• FG to propose N6.87tn budget in 2017, projects $42.5 oil benchmark
• Govt on roadshow to promote $1bn Eurobond
• IMF: Nigeria’s recession will end in 2017
with agency reports
In fulfillment of one of his campaign promises to cut cost, President Muhammadu Buhari has approved the disposal of two of the aircraft operated by the Presidential Air Fleet (PAF) of the Nigerian Air Force (NAF).
The presidency, through the Office of the National Security Adviser (ONSA), advertised the sale of two aircraft in THISDAY newspaper yesterday.
According to the advert, the two aircraft to be disposed off comprise a Falcon 7X executive jet and Hawker 4000. The airplanes, however, are just two of well over a dozen aircraft believed to be in the PAF.
ONSA, in the advert, said all bids should be quoted in US dollars and invited interested buyers are to inspect the Falcon at the presidential wing of the Nnamdi Azikiwe International, Airport, Abuja, while the Hawker aircraft is to be inspected at the Cessna Zurich Citation Service Centre in Zurich, Switzerland.
Interested buyers were given four weeks from yesterday to submit their bids for the two aircraft.
The Falcon 7X has a registration number, 5N-FGU and serial number 090. It has a passenger capacity for 16 persons and three crew members.
Its highlights include: Entry of service (2011); one owner; time of service: 2,776:47 hours; cycles since purchase: 2363; engine completed HSI in May 2016; engine time to overhaul is 4,529hrs: and ready for sale immediately.
The Hawker 4000 aircraft has a registration number 5N-FGX and serial number RC 066. It has a passenger capacity of nine persons, three crew, and highlights of service entry was in 2012; 1,178:15hrs since time of service; 1,146hours cycles; engine time overhaul is 4,821hours; and is ready for sale immediately.
In a statement yesterday by the president’s media aide, Mallam Garba Shehu, the presidency confirmed that the newspaper advertisement in THISDAY for the sale of two presidential aircraft was duly authorised by Buhari.
According to him, the decision was in line with the directive by Buhari that aircraft in the presidential air fleet be reduced to cut waste.
Shehu further said that when Buhari campaigned as the All Progressives Congress (APC) candidate before the 2015 presidential election, he promised to look into the presidential air fleet with a view to cutting down on waste.
He explained that Buhari’s directive to a government committee given this assignment was that he would like to see a compact and reliable aircraft fleet for the safe airlift of the president, vice-president and other government officials on special missions.
While disclosing that the exercise was by no means complete, Shehu added that some other aircraft in the presidential fleet would be handed over to the Nigerian Air Force to boost its operations.
THISDAY had exclusively reported last year of plans by the presidency to sell some of the aircraft in the presidential air fleet as part of the government’s cost cutting measures.
However, after pressure was brought to bear, the presidency denied the story and deferred plans to sell some of the aircraft.
Insider sources had informed THISDAY that the presidency has a number of serviceable and unserviceable aircraft that needed to be disposed off in order to reduce the amount spent by the federal government on aircraft maintenance annually.
Although information on the exact size of the fleet is treated as classified information, the fleet, according to aviation sources, is believed to comprise 11 to 16 aircraft, chief of which is the Boeing 738 BBJ, NAF 001 or Eagle One, used by the president for his travels.
With its luxury configuration comprising a master bedroom, washrooms and showers, a conference and dinning area, and a living area, the plane seats 25 to 50 passengers and would cost at least $100 million to replace today.
THISDAY gathered that about eight of the planes are reserved strictly for the president.

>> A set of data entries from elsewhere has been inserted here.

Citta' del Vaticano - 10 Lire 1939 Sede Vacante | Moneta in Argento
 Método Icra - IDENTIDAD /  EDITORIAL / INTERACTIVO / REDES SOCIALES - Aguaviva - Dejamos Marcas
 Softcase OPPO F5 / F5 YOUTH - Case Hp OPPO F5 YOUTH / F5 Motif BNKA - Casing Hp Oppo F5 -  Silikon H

Others are reserved for executive airlift.
The aircraft reserved for executive airlift are used by the Vice-President, Senate President, Speaker of the House of Representatives, Ministry of Foreign Affairs, and could be used to convey African heads of states visiting or departing Nigeria.
FG Proposes N6.87tn Budget
However, as the administration seeks to implement cost cutting measures and raise revenue to ward off the recession, the president yesterday submitted its Medium Term Expenditure Framework (MTEF) and Fiscal Strategy Paper (FSP) for 2017 to 2019 to the National Assembly, in which it proposed a N6.866 trillion budget for the 2017 fiscal year.
It also proposed an oil benchmark of $42.50, average exchange rate of N290.00 to $1, and oil production volume of 2.2 million barrel per day (mbpd) for 2017.
In the document, the federal government also projected N6.847 trillion and N7.117 trillion budgets for 2018 and 2019, respectively, and $45 per barrel and $50 per barrel oil benchmarks for 2018 and 2019.
The government is also proposing 2.3mbpd and 2.4mbpd oil production volumes for 2018 and 2019, respectively, just as it projected an average exchange rate of N290.00 to $1 exchange rate for both years.
The proposed N6.866 trillion budget for 2017 is higher than the N6.060 trillion budget for the 2016 fiscal year, but the government set a revenue target of N4.169 trillion in 2017.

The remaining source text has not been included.